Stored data
★ ★ ★
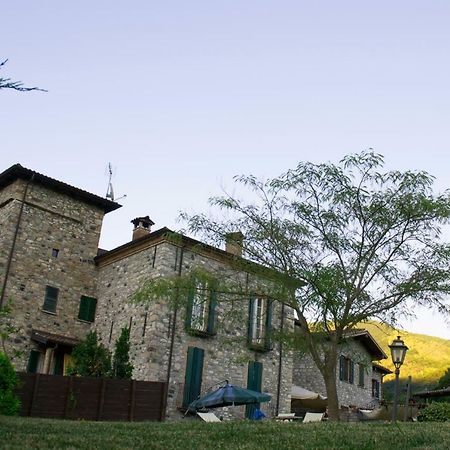 Bed and Breakfast La Torretta Боббио Экстерьер фото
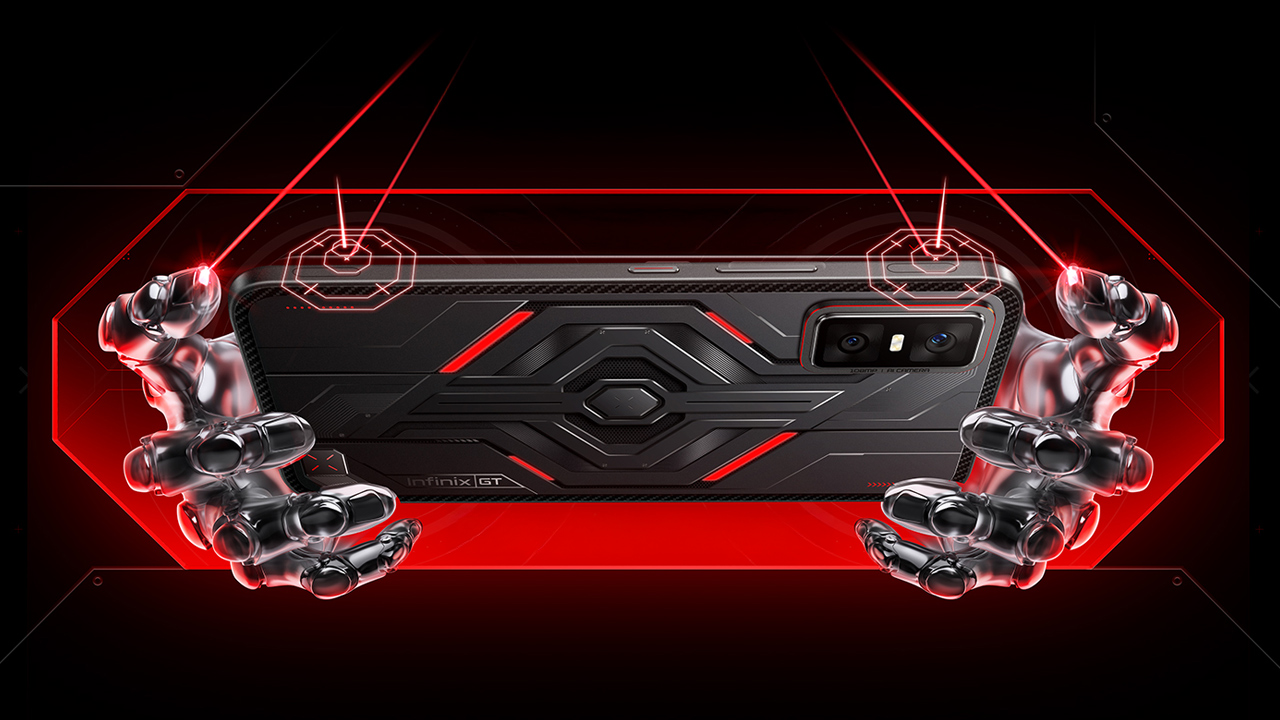 Infinix 30 Pro em uma ilustração com dedos robóticos segurando o aparelho e destaque para os gatilhos na lateral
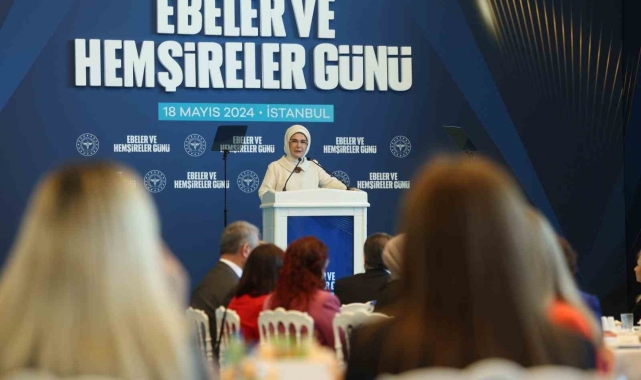 Emine Erdoğan ve Bakan Koca, Ebeler ve Hemşireler Günü'nde düzenlenen programa katıldı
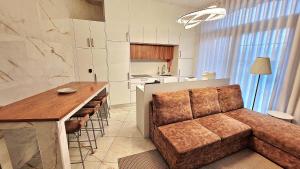 a living room with a couch and a kitchen at Cidadela do Viriato in Viseu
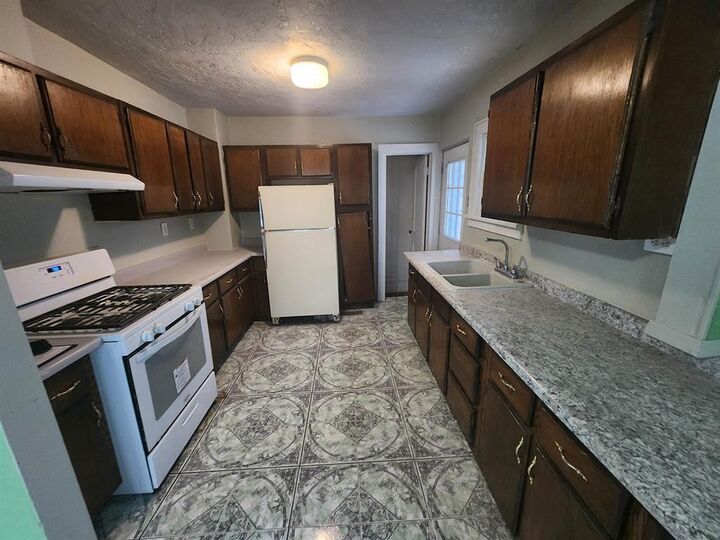 Property Photo: 1606 Avenue B KS 67801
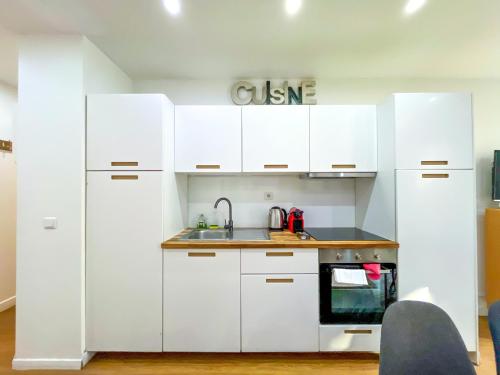 UrbanFlat 17 - Modern & Large 3-Bedroom Flat in Paris
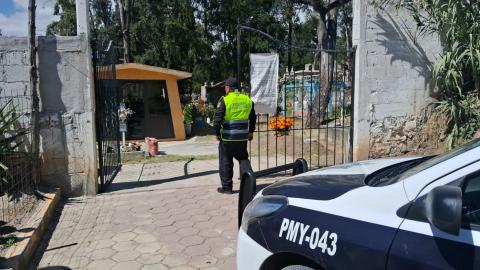 Yauhquemehcan implementa “Panteón Limpio, Panteón Seguro” imagen 2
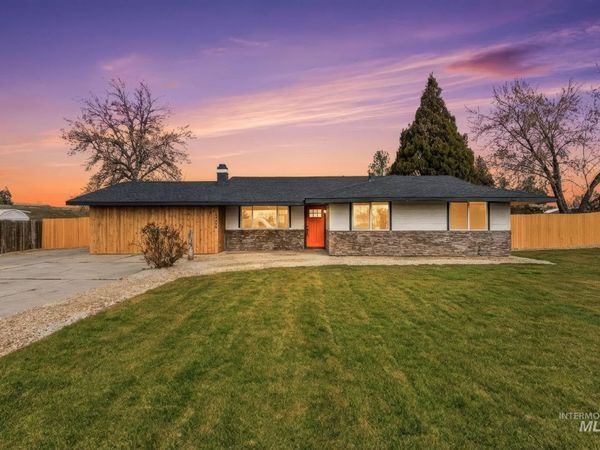 10490 W Martingale Dr, Boise, ID 83709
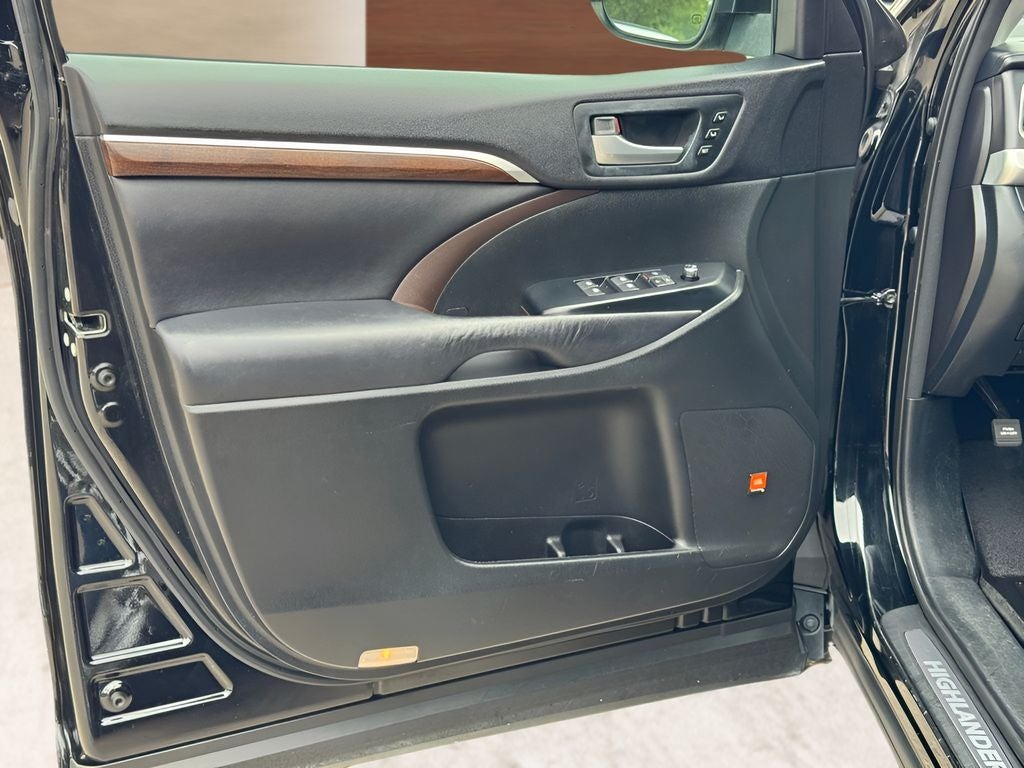 2016 Toyota Highlander Limited Platinum V6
★ ★ ★
> **Problem to solve**: With the pictures left out, please output each line from the one containing "Infinix 30 Pro" through the end of the entries, exactly as it is.

> **Solution**:
 Infinix 30 Pro em uma ilustração com dedos robóticos segurando o aparelho e destaque para os gatilhos na lateral
 Emine Erdoğan ve Bakan Koca, Ebeler ve Hemşireler Günü'nde düzenlenen programa katıldı
 a living room with a couch and a kitchen at Cidadela do Viriato in Viseu
 Property Photo: 1606 Avenue B KS 67801
 UrbanFlat 17 - Modern & Large 3-Bedroom Flat in Paris
 Yauhquemehcan implementa “Panteón Limpio, Panteón Seguro” imagen 2
 10490 W Martingale Dr, Boise, ID 83709
 2016 Toyota Highlander Limited Platinum V6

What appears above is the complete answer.